The Recall Desk
HighFDA (Devices)·Z-1801-2021·Announced 2021-06-16

Anterior cervical plate system screw mechanism may disassociate during or after surgery

Alphatec Spine's Atec Insignia Anterior Cervical Plate System has a potential defect where the screw blocking mechanism may disassociate during or after surgery, which could compromise spinal stabilization.

What this means for you

Real risk of harm even if no illness or injury has been reported yet. Stop using the product and follow the agency's guidance.

Our severity reasoning: Per the severity rubric, this qualifies as High (Score 3): it is a risk-of-harm product (spinal implant with potential mechanical failure) where no illnesses or injuries have been reported, and the hazard remains theoretical.

Plain-English summary

The Atec Insignia Anterior Cervical Plate System, manufactured by Alphatec Spine, Inc., is being recalled by the U.S. Food and Drug Administration due to a potential defect in the screw blocking mechanism.

The screw blocking mechanism on this anterior cervical plate system has the potential to disassociate intraoperatively (during surgery) or postoperatively (after surgery), or to unlock postoperatively.
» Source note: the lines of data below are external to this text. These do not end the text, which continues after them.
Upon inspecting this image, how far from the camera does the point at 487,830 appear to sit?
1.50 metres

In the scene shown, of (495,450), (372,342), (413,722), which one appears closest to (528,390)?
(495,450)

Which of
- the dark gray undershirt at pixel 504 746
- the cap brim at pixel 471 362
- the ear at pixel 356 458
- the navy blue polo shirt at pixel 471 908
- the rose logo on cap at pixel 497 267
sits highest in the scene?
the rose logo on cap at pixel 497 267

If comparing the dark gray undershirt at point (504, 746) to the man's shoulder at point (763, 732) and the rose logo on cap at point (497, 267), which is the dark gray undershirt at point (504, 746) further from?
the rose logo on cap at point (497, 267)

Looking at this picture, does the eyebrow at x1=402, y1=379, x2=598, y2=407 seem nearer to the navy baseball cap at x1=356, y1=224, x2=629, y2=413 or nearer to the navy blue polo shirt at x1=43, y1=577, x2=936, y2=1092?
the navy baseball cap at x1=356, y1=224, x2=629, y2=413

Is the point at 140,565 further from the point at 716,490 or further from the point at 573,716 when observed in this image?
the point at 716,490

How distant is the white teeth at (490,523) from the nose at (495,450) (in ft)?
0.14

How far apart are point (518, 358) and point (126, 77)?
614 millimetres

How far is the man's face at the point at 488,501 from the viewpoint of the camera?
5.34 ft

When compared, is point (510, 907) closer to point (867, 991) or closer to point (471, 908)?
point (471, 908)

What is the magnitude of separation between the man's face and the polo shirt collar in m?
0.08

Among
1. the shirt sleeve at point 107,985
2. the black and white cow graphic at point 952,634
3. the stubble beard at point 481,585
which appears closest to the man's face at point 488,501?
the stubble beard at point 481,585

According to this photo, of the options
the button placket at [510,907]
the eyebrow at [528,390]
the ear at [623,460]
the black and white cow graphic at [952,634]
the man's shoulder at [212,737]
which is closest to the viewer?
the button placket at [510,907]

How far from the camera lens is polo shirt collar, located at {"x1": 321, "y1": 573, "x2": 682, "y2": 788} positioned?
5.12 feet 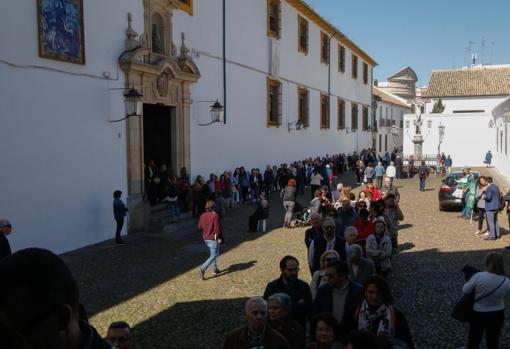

This defect could compromise the stability of the cervical spine implant.

The affected product is the Atec Insignia Anterior Cervical Plate System, 1-Level, 18 mm (REF 136-0118, UDI 01-00190376268446), code numbers 8609303R and 8800403, distributed nationwide to healthcare facilities in 15 states: Florida, California, Illinois, Oklahoma, Texas, Connecticut, Indiana, North Carolina, Washington, Hawaii, Idaho, Massachusetts, South Carolina, New Mexico, and New York. Seven units were distributed.

Patients who have received this implant should contact their healthcare provider to discuss their individual risk. Healthcare providers should assess whether affected devices have been used in patients and monitor those patients for any signs of implant failure.

The recalled product

Product
Atec Insignia Anterior Cervical Plate System, REF 136-0118, Insignia, ACP, 1-Level, 18 mm, Rx Only, Non-Sterile, UDI: (01)00190376268446
Manufacturer
Alphatec Spine, Inc.
Hazard
  • implant-failure
  • screw-disassociation
  • spinal-instability

Is your product affected?

Check your packaging against the codes below. If any of them match, the product is part of this recall.

Lot numbers (1)

  • 8609303R and 8800403

Distribution

Distributed nationwide across the United States.